The night the Satoshi statue spent at the bottom of the lake may have been the most ironically symbolic moment of its existence. This piece of art designed to "pay homage to the spirit of decentralization" ultimately required centralized municipal power to salvage it.


While Lugano officials talk about the blockchain revolution, citizens have their own life priorities.


The intoxicated youths who tossed the statue into the lake on Swiss National Day are most likely not crypto opponents. They vandalized the statue, more probably because it was just there—a thing that seemed like a fun target.


This kind of indifference is even more frightening than cryptocurrency hatred. Hatred at least implies caring, while indifference implies "not caring".

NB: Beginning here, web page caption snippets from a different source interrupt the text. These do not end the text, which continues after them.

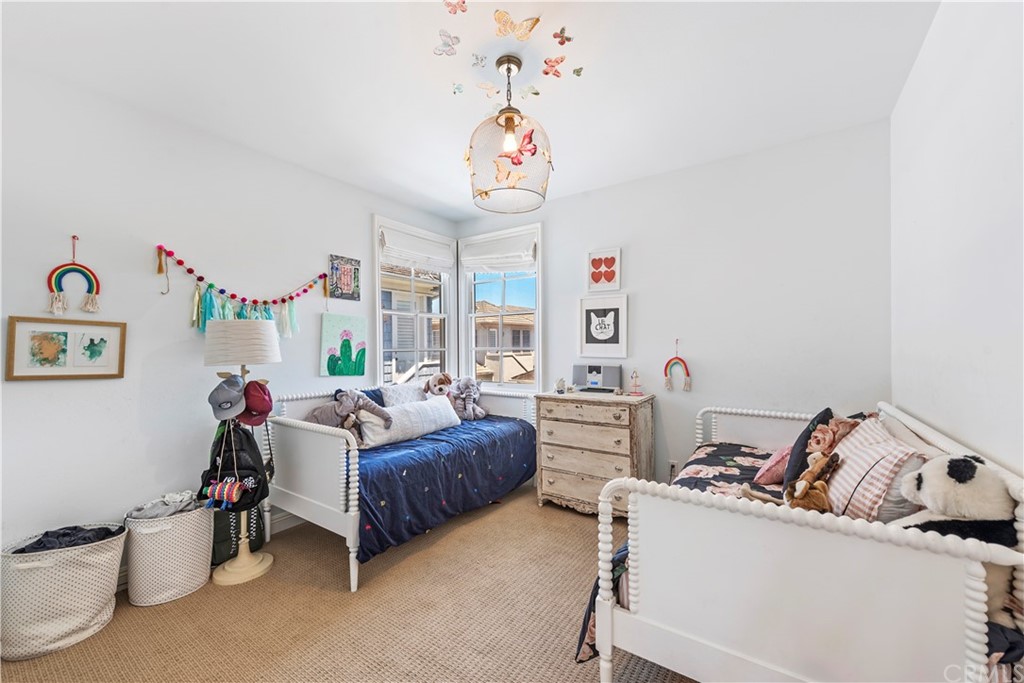 6 Edgewood Drive Newport Beach, CA 92660 - Photo 18 of 29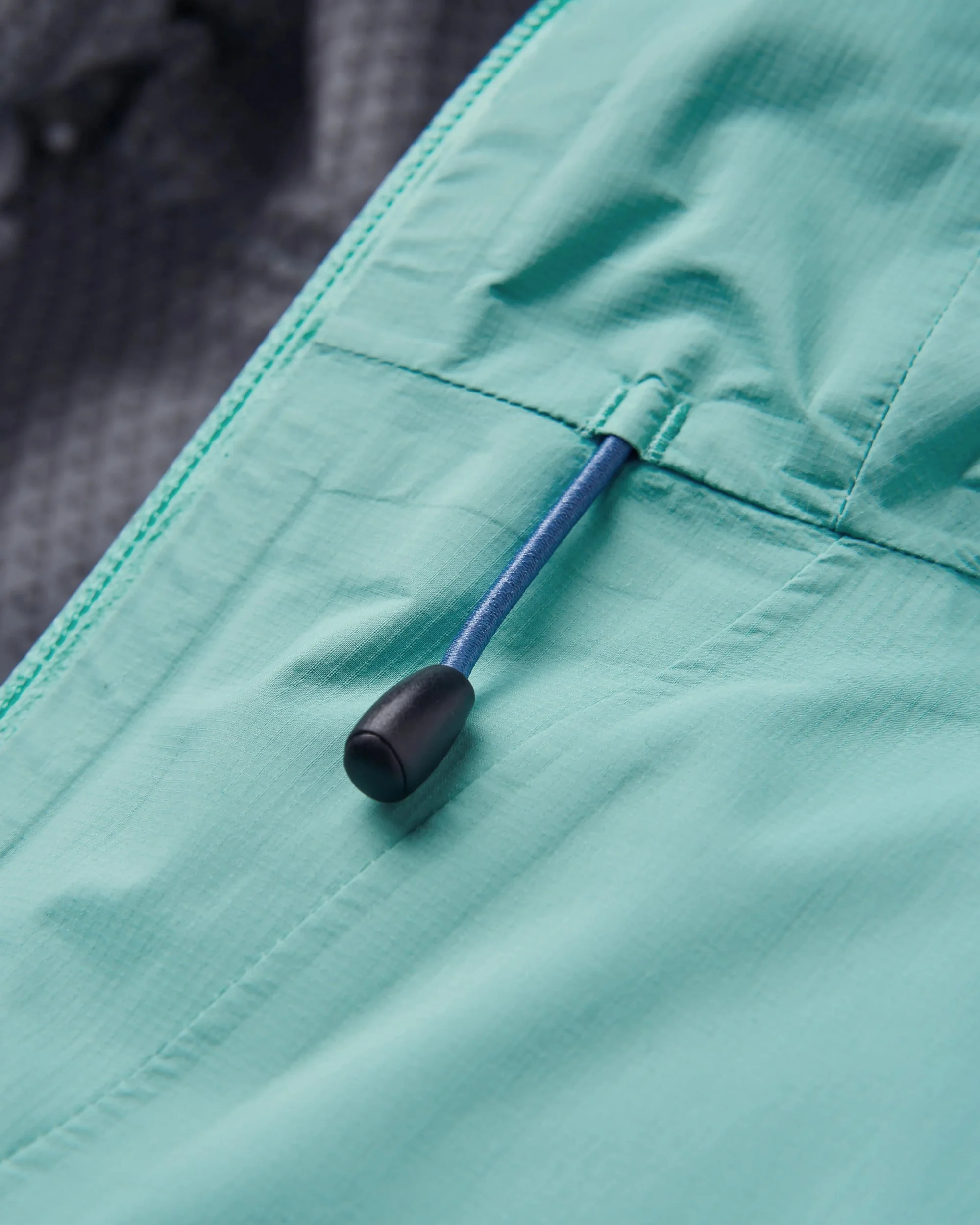 Trailscape Light Women's Waterproof Jacket - Aqua - Image 10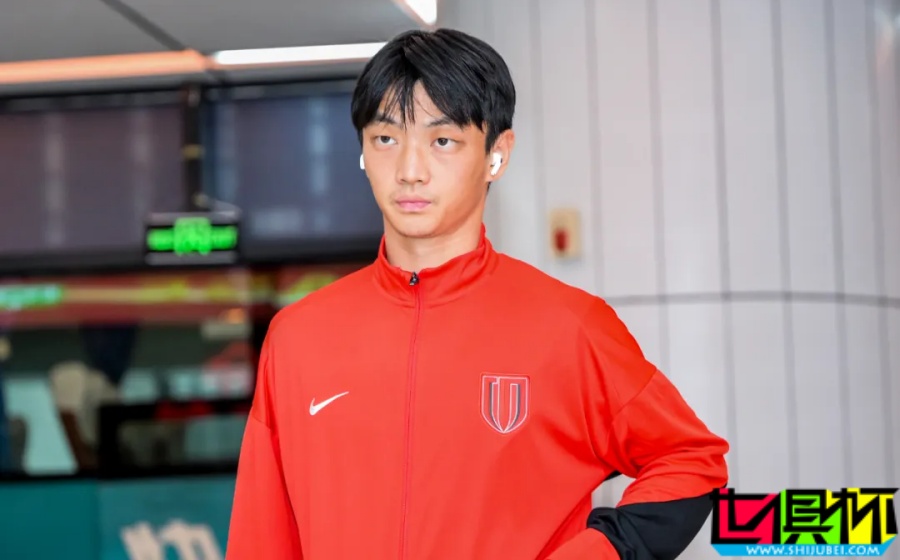 杨明洋 完成会籍转换，国足 中场有望再迎新人-第1张图片-世俱杯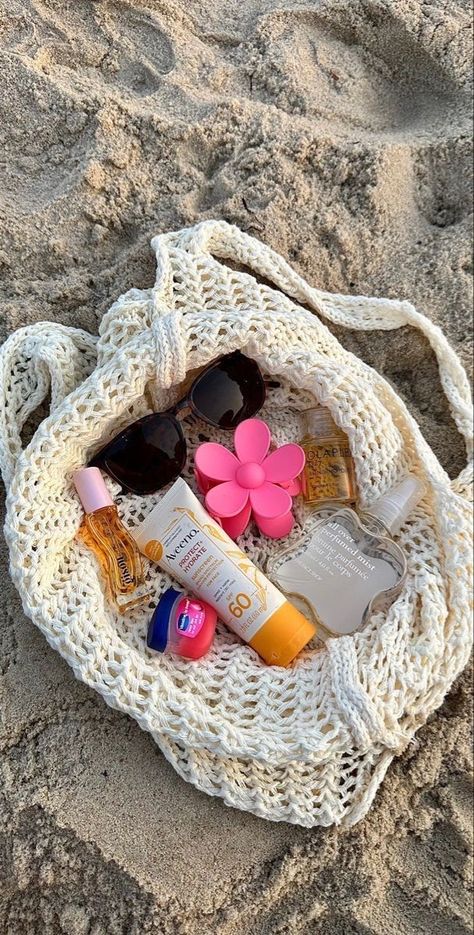 Beach Bag Essentials, Summer Details, Ocean Girl, Summer Picture Poses, Pool Picture, Holiday Bag, Beach Poses, Summer Break, Travel Beauty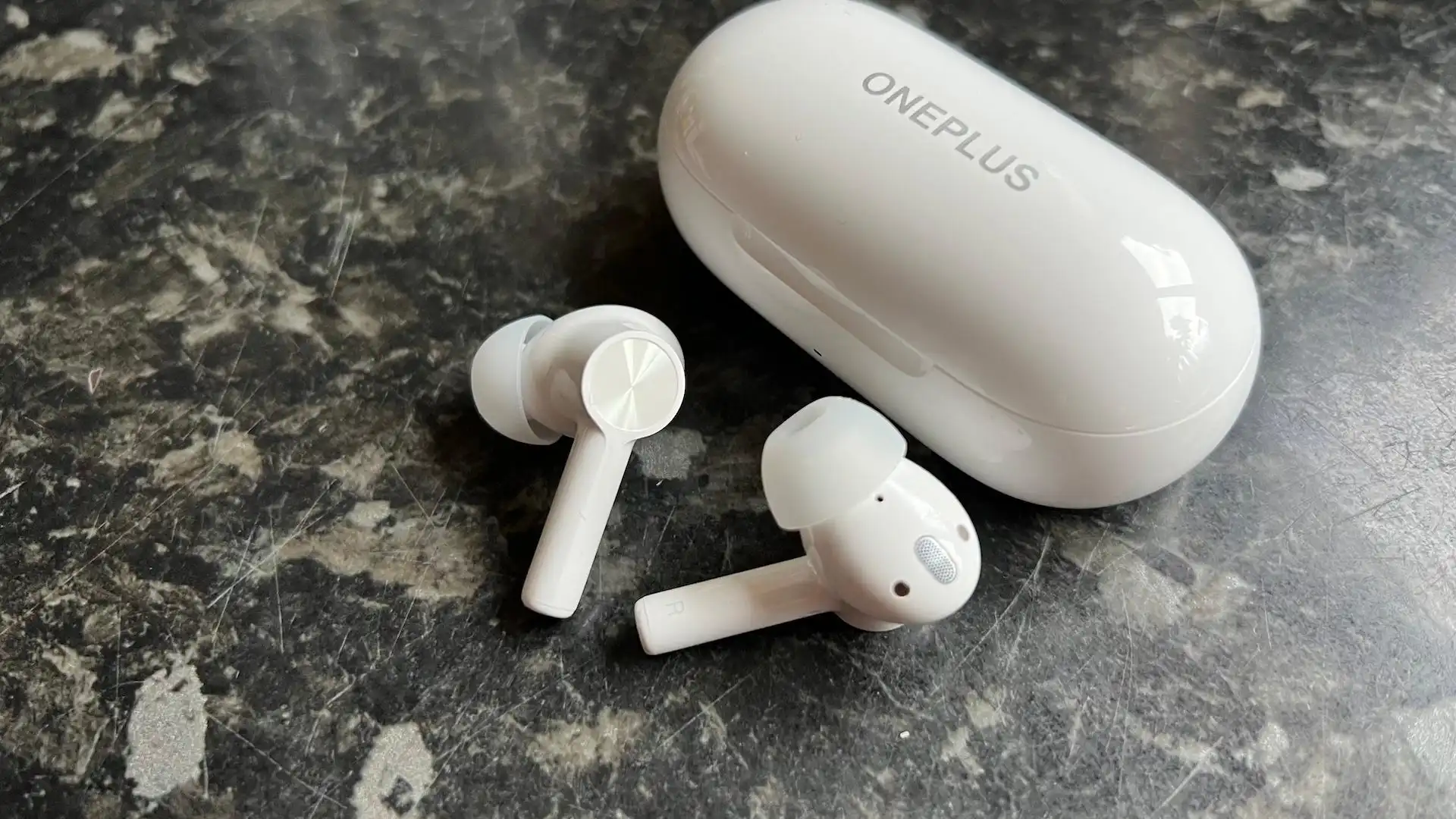 OnePlus Buds Z2
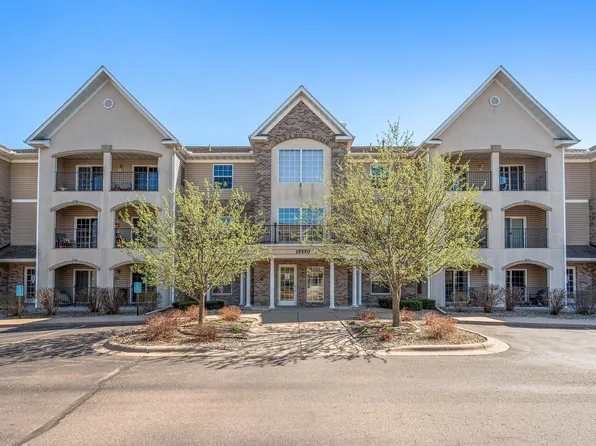 15550 Linnet St NW #1202, Andover, MN 55304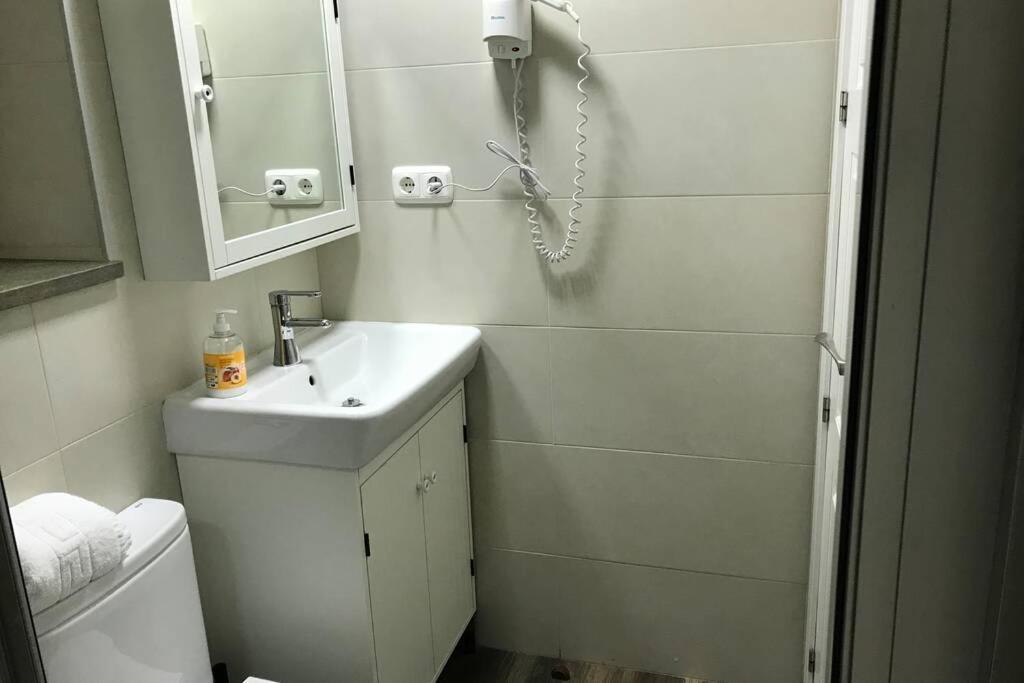 Bonito Apartamento Junto A Paseo De La Bomba Apartman Granada Kültér fotó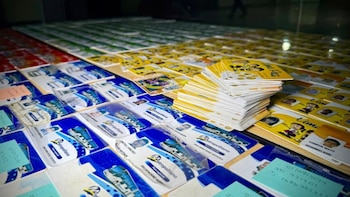 Las tarjetas retenidas se trasladan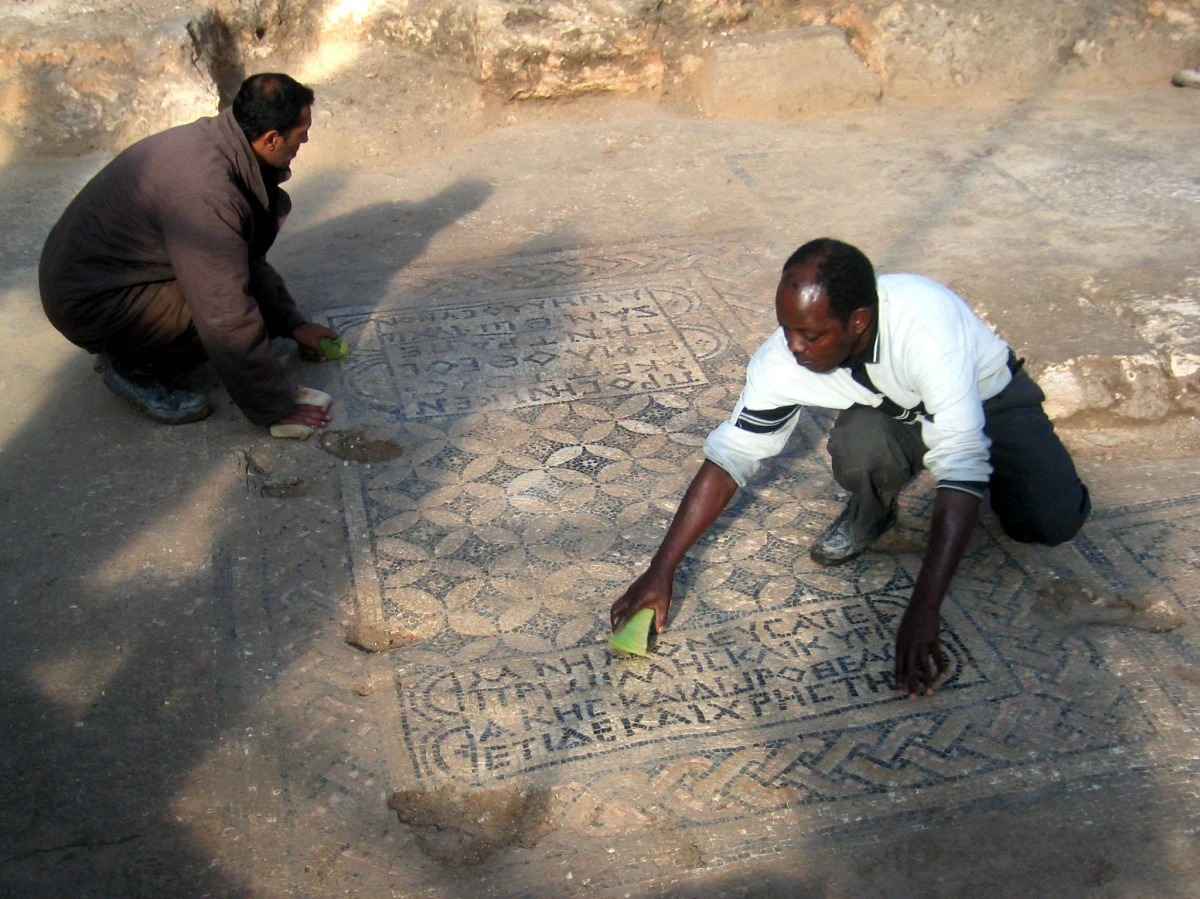 Władze Izraela rozważają usunięcie mozaiki z miejsca, w którym modlili się pierwsi chrześcijanie, aby przenieść znalezisko do ewangelickiego Muzeum Biblii w Waszyngtonie. Instytucja ta była w przeszłości krytykowana za swoje praktyki kolekcjonerskie i promowanie "ewangelicko-chrześcijańskiego programu politycznego" - pisze portal Times of Israel.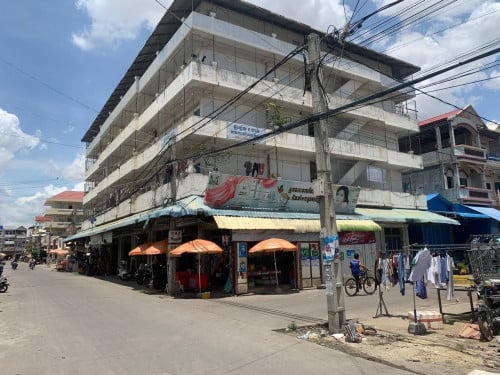 អគារកែងសម្រាប់លក់ សង្កាត់ចោមចៅ ខណ្ឌដង្កោ ម្តុំមុខព្រលានយន្តហោះពោចិនតុង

At a deeper level, the issue lies in the development model of "embracing crypto." Zug's success comes from a decade of organic growth, building an ecosystem together with entrepreneurs, investors, and tech geeks; while Lugano is attempting to replicate this process in two years through top-down administrative push.


It's a bit like trying to achieve the taste of a slow-cooked stew over a campfire using a microwave—it may look done, but the flavor isn't right.


When there is a change in government, when budgets are tight, when the next policy hotspot emerges, will the crypto-friendly Plan B still be a priority?


A statue can be rewelded, even strengthened to be as good as new, but once a crack in trust appears, repairing it is much more difficult than imagined.


The young person who threw Satoshi Nakamoto into the lake is not a bad person, but in a city that is "indifferent" to cryptocurrency, forcefully pushing a crypto agenda may not yield optimistic results.